Once in Canada we went to have a look at the Prince of Wales Hotel that occupies an idyllic position overlooking the Waterton Lakes. Unfortunately we were not allowed to line the cars up in front of the hotel for a photo. At this point we all decided to press on to Cranbrook, which because of our meanderings was still about one hundred and twenty miles away; off we shot “pedal to the metal” and Fiona got stopped for speeding – no ticket just a warning. It was the start of a national holiday weekend and the main roads were very, very busy, busy and slow. Our brave party of seven Morgans all arrived in Cranbrook completely frazzled. We showered and managed to get a meal in a restaurant just before it closed.

*I think we nearly doubled the mileage for the day.

Deer Lodge to Kalispell Day 19




186 miles. Hot, hot, hot.

We left Deer Lodge and at first drove through Ranch land with lots of cattle, horses and cowboys. The landscape gradually became one of forest and lakes. Logging trucks and sawmills replacing horses and cattle.

Feeling peckish we spotted a few Morgans outside “Pops” restaurant where we stopped and joined them. The food and coffee were good, but the service was a bit slow mainly because our party of ten upset their usual flow of customers.

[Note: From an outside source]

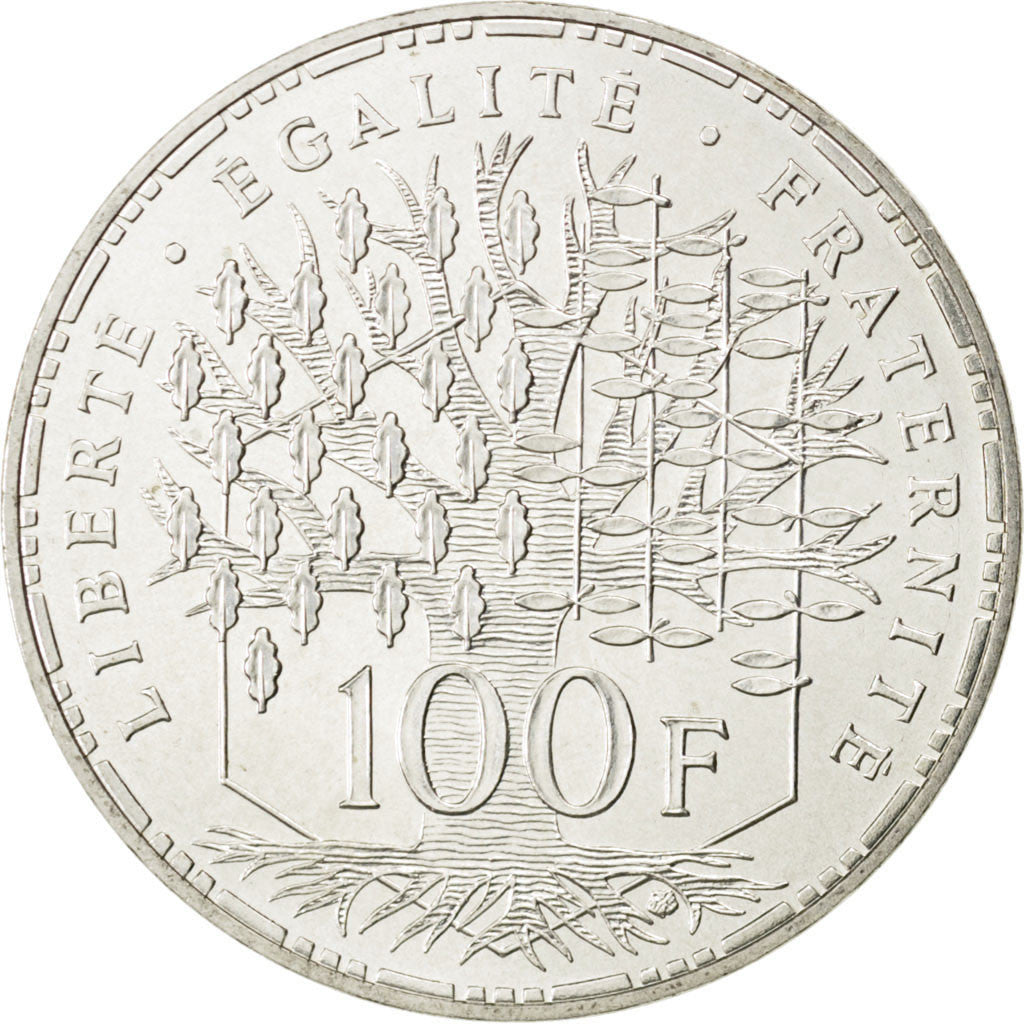 Coin, France, Panthéon, 100 Francs, 1990, Paris, MS(64), Silver, KM:951.1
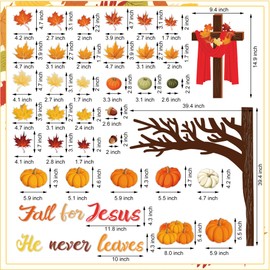 124 Pcs Fall Tree Classroom Bulletin Decor Fall for Jesus He Never Leaves Bulletin Board Set Autumn Maple Leaves Pumpkin Harvest Cutout for Thanksgiving Christian Religious School Church Decorations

Our journey continued for another couple of hours when we stopped for a picnic lunch at Swan Lake. The lake is manmade having a dam at the north end. Swan Lake is a very picturesque location with a little marina and the steep hillsides and shoreline dotted with some very grand looking log cabins. Just as we were packing up our lunch a chap walked by and asked if we would like to have a quick trip out on his boat and we soon found ourselves skimming across the surface of the lake at high speed. The boat owner was, it turned out, an engineer at the dam and it was only the second time the speedboat had been out.

Arriving at the outskirts of Kalispell our satnav had a brainstorm and took us on a nine mile detour giving us a good look at all the suburbs and industrial estates around the town. Kalispell sits in the county of Flathead so named after the river and lake, which dominate the region. The Grand Hotel, our lodgings for the night, was charming and very friendly. We were treated to coffee and homemade biscuits on our arrival and made to feel most welcome. The girl on reception told us that the “Moose Saloon” would be an interesting place to visit, so six of us duly did. The Saloon was about a twenty minute walk away. The entrance to the Moose was not very inspiring with expletives scratched into the door and blacked out windows, but having walked that far in ninety five degree heat we thought we would give it a go. What a contrast the bright light outside was replaced by total darkness until our eyes adjusted to the gloom. The floor was covered in a mixture of sawdust and peanut shells and there were no windows. There was nothing to do but order two jugs of beer and a large bowl of unshelled peanuts – we had a wonderful hour or so scattering our nut shells and drinking beer.